Use the Unified CLI

The skainet CLI auto-detects model architecture from GGUF metadata, so you don’t need to pick the right runner. One binary handles every supported family.

Text Generation

./gradlew :llm-apps:skainet-cli:run \
  --args="-m model.gguf 'Your prompt here'"

Chat Mode

./gradlew :llm-apps:skainet-cli:run \
  --args="-m model.gguf --chat"

Agent Mode (with Tool Calling)

./gradlew :llm-apps:skainet-cli:run \
  --args="-m model.gguf --agent"

Tool Calling Demo

Interactive:

./gradlew :llm-apps:skainet-cli:run \
  --args="-m model.gguf --demo"

Single-shot (for scripts/testing):

./gradlew :llm-apps:skainet-cli:run \
  --args="-m model.gguf --demo 'What is 2 + 2?'"

Cross-Architecture Examples

The same skainet invocation works across families — the CLI resolves the right loader, tokenizer, and chat template from GGUF metadata.

TinyLlama (Llama family)

./gradlew :llm-apps:skainet-cli:run \
  --args="-m tinyllama-1.1b-chat-v1.0.Q8_0.gguf 'The capital of France is'"

Detected as architecture=llama, uses Llama3ChatTemplate for chat / agent / demo modes.

Qwen 3 (Llama tensor layout, ChatML template)

./gradlew :llm-apps:skainet-cli:run \
  --args="-m Qwen3-1.7B-Q8_0.gguf --demo 'What is 17 * 23?'"

Auto-resolves to ChatML chat template + Hermes-style <tool_call> parser. Override the template explicitly with --template=chatml if needed.

Llama 3.2 (custom-tools JSON format)

./gradlew :llm-apps:skainet-cli:run \
  --args="-m Llama-3.2-1B-Instruct-Q8_0.gguf --demo --template=llama3 -k 0.0 'What files are in /tmp?'"

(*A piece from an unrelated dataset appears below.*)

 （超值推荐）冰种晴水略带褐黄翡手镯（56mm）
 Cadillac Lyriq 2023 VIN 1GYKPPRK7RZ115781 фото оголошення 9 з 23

See Llama 3 / 3.1 / 3.2 Tool Calling for the format details and Meta’s two response shapes.

Gemma 4

./gradlew :llm-apps:skainet-cli:run \
  --args="-m gemma-4-E2B-it-Q4_K_M.gguf 'The capital of France is'"
Tool-call format emission has a known gap on Gemma 4 E2B — basic generation works, agent / demo modes do not yet produce parseable tool-call markup. Track via the gemma4_toolcall_status follow-up.

BERT (embeddings)

BERT is exposed through the dedicated kbert CLI (different surface — embeddings, not generation):

./gradlew :llm-apps:kbert-cli:run \
  --args="model.gguf 'sentence to embed'"

All Options

skainet -m <model.gguf> [options] [prompt]

Options:
  -m, --model       Path to .gguf model (required)
  -s, --steps       Generation steps (default: 64)
  -k, --temperature Sampling temperature (default: 0.8)
  --chat            Interactive chat mode
  --agent           Interactive agent with tool calling
  --demo            Tool calling demo (add prompt for single-shot)
  --template=NAME   Chat template override: llama3, chatml, qwen, gemma
  --context=N       Cap context length to N tokens
  -h, --help        Show help

Model-Specific CLIs

Three model-specific CLIs remain alongside the unified one:

CLI Gradle Task When to use

kllama

:llm-apps:kllama-cli:run

Llama-family advanced flags (custom RoPE, attention backend overrides) and the legacy --demo runner used by Llama-3 examples.

kgemma

:llm-runtime:kgemma:jvmRun

Gemma-specific DSL runtime flags (PLE diagnostics, GEMMA4_* env knobs).

kbert

:llm-apps:kbert-cli:run

BERT embeddings (different output shape; not handled by skainet-cli).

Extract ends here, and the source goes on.